Work to be completed: The lines to print are the one containing "this 1270×952 image." and every line after it through the end of the entries below. Print them exactly and nothing else.

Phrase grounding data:
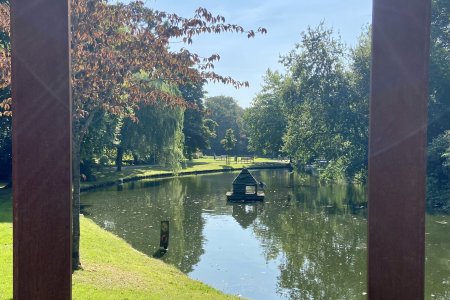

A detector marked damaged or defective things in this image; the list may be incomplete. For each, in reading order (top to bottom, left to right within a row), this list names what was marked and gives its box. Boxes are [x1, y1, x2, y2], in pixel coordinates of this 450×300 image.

rusty metal pillar [10, 1, 72, 298]
rusty metal pillar [370, 1, 432, 298]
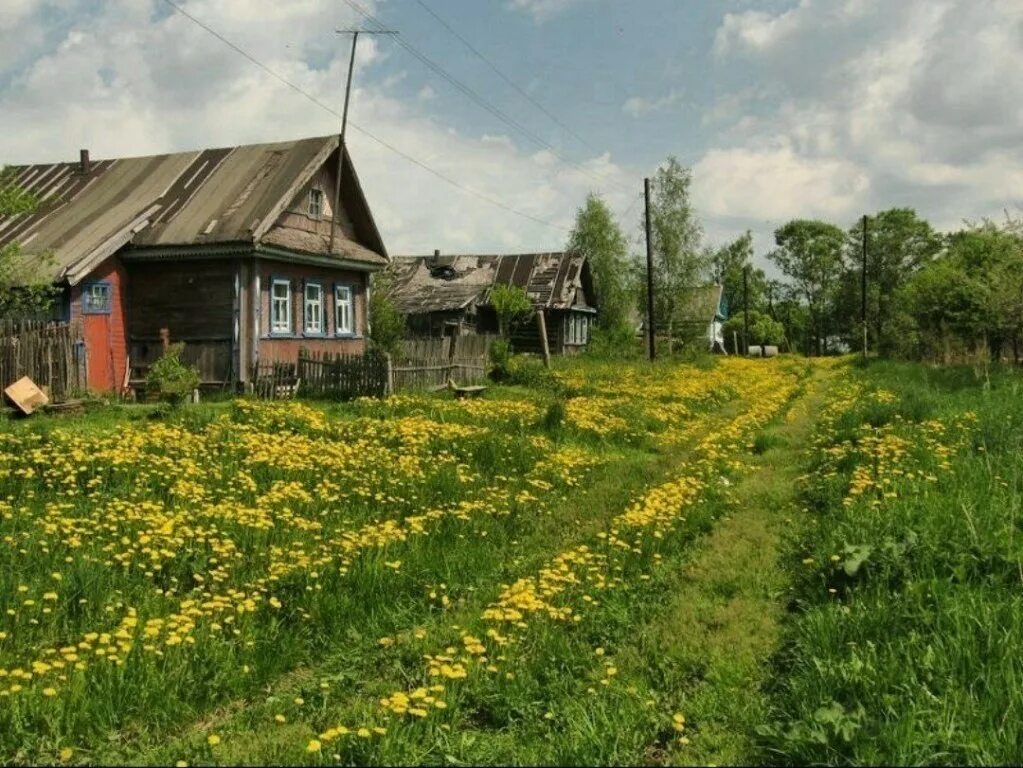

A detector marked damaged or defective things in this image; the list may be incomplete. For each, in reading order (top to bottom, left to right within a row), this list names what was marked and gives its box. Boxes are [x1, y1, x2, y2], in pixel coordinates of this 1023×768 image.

rusty metal roof [0, 134, 386, 286]
rusty metal roof [386, 250, 597, 312]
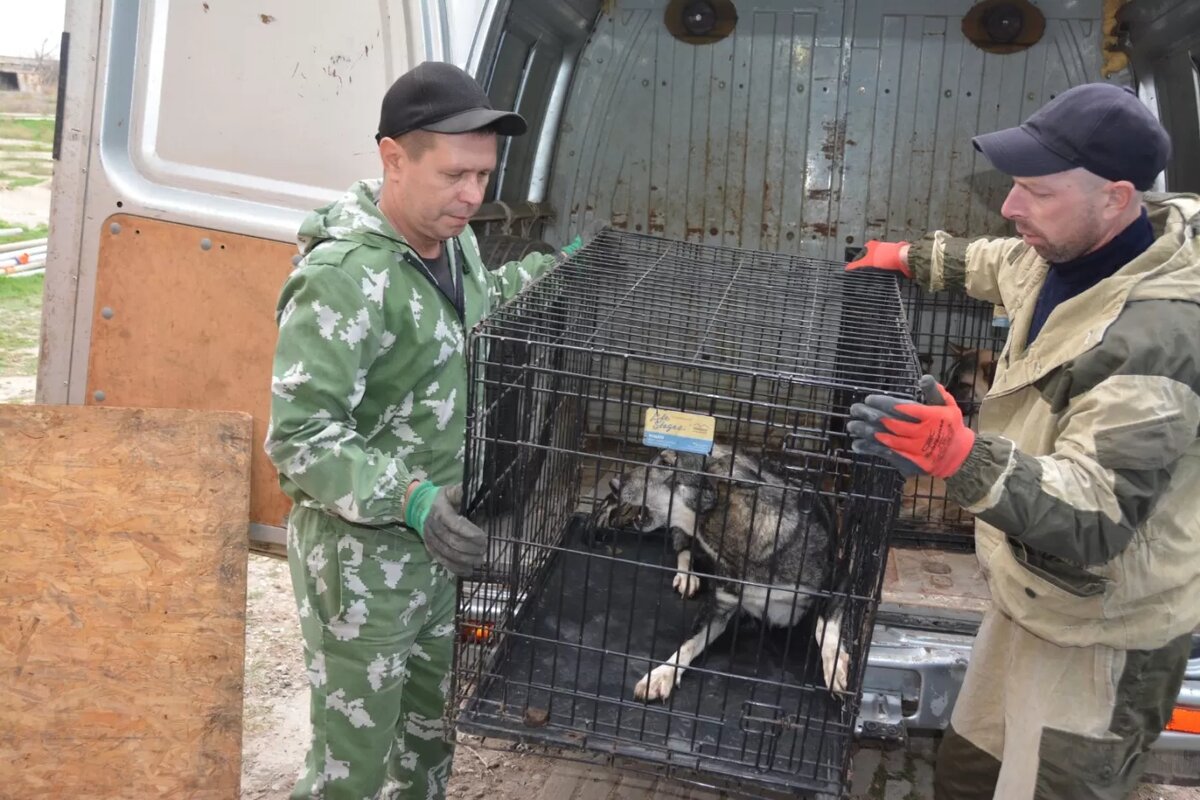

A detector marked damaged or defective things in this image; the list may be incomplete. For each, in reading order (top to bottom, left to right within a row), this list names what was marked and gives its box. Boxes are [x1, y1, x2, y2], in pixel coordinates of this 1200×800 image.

rusty metal panel [549, 0, 1099, 255]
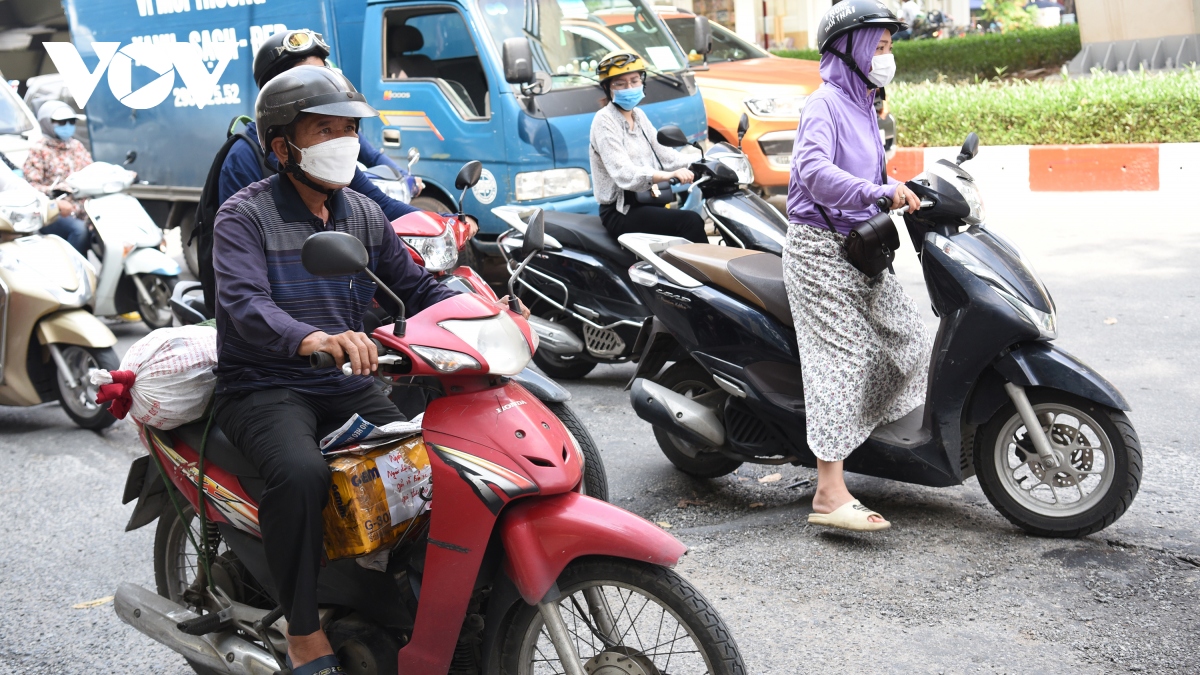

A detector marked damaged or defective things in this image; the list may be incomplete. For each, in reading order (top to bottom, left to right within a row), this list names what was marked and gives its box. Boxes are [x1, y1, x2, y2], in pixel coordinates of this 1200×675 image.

cracked asphalt [2, 193, 1200, 672]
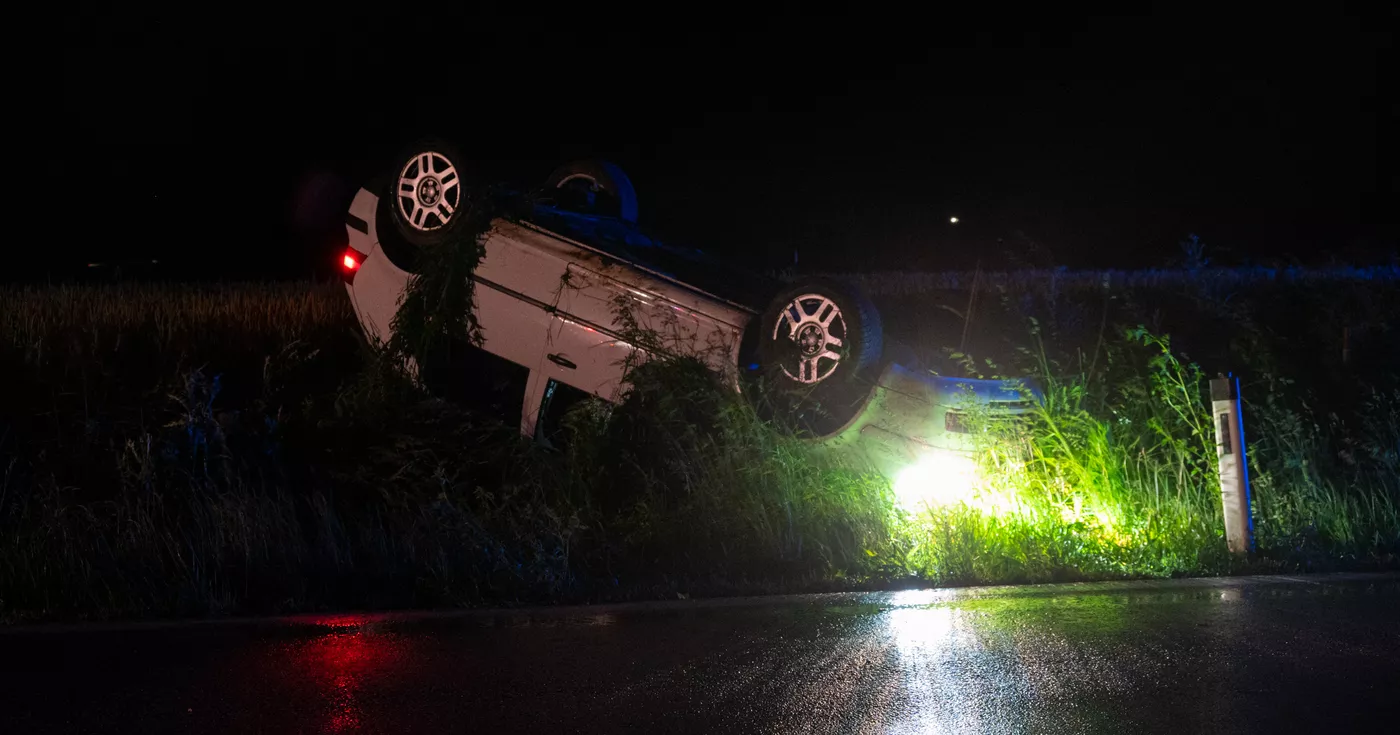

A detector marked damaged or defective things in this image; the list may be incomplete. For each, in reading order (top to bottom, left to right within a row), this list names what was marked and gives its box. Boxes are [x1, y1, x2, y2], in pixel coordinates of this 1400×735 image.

overturned white car [343, 140, 1036, 478]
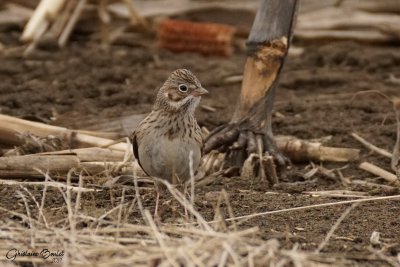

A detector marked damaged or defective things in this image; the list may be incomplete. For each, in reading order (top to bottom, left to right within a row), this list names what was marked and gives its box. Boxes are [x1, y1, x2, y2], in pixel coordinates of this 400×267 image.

orange rusted object [158, 19, 236, 57]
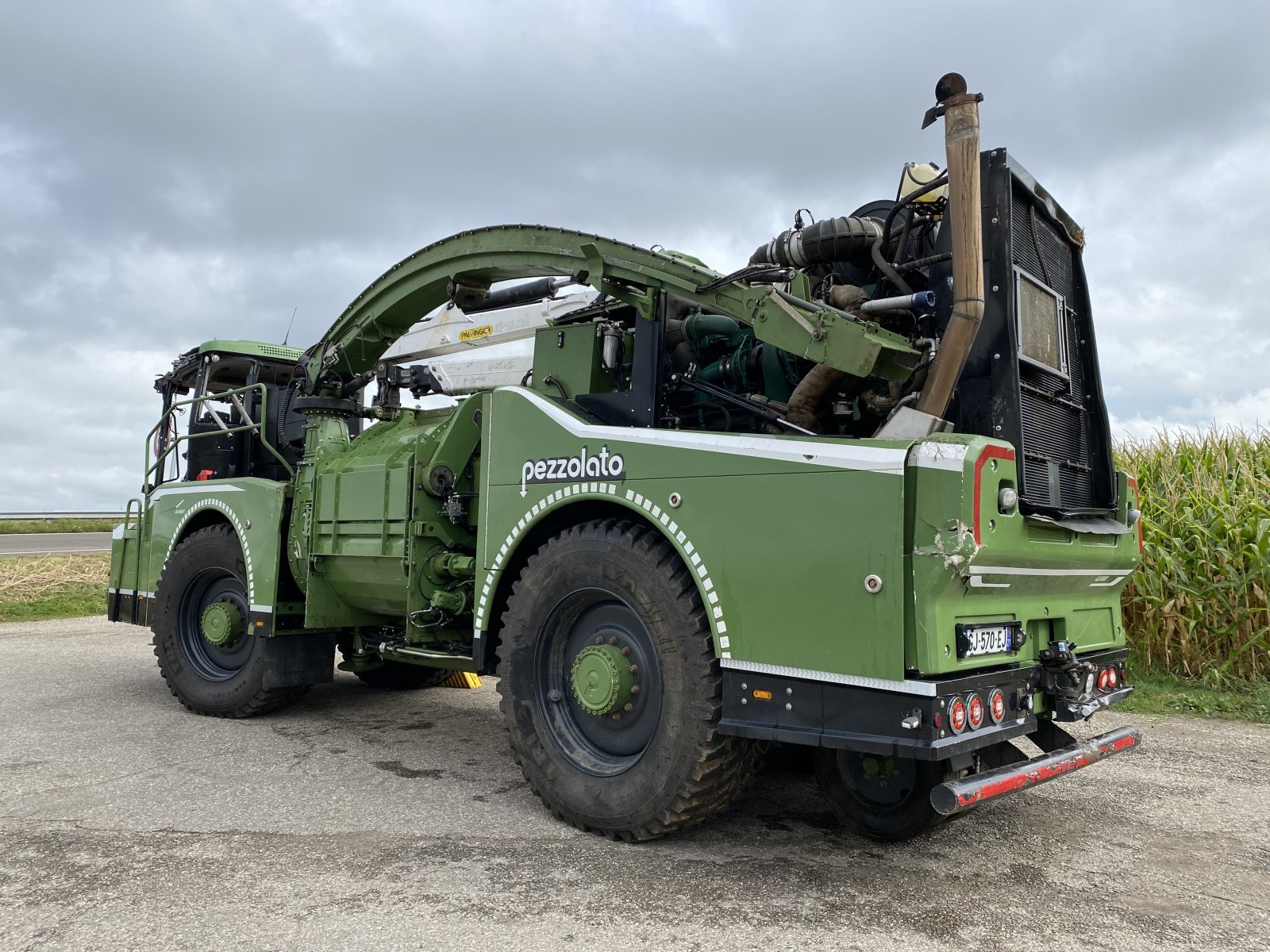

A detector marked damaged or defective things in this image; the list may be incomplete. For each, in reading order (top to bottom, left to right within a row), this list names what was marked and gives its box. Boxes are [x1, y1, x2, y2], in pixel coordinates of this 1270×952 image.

rusty exhaust stack [919, 78, 985, 424]
cracked asphalt [2, 614, 1270, 949]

Exercise solution:
A detector marked damaged or defective things in this image; the list may be incomplete. For each, in reading order (top to bottom, left to right within a row), this list names what was marked and gives its box. Boxes are [x1, y1, x2, y2], in pixel coordinates of this 1270×952 image.

rusty exhaust stack [919, 78, 985, 424]
cracked asphalt [2, 614, 1270, 949]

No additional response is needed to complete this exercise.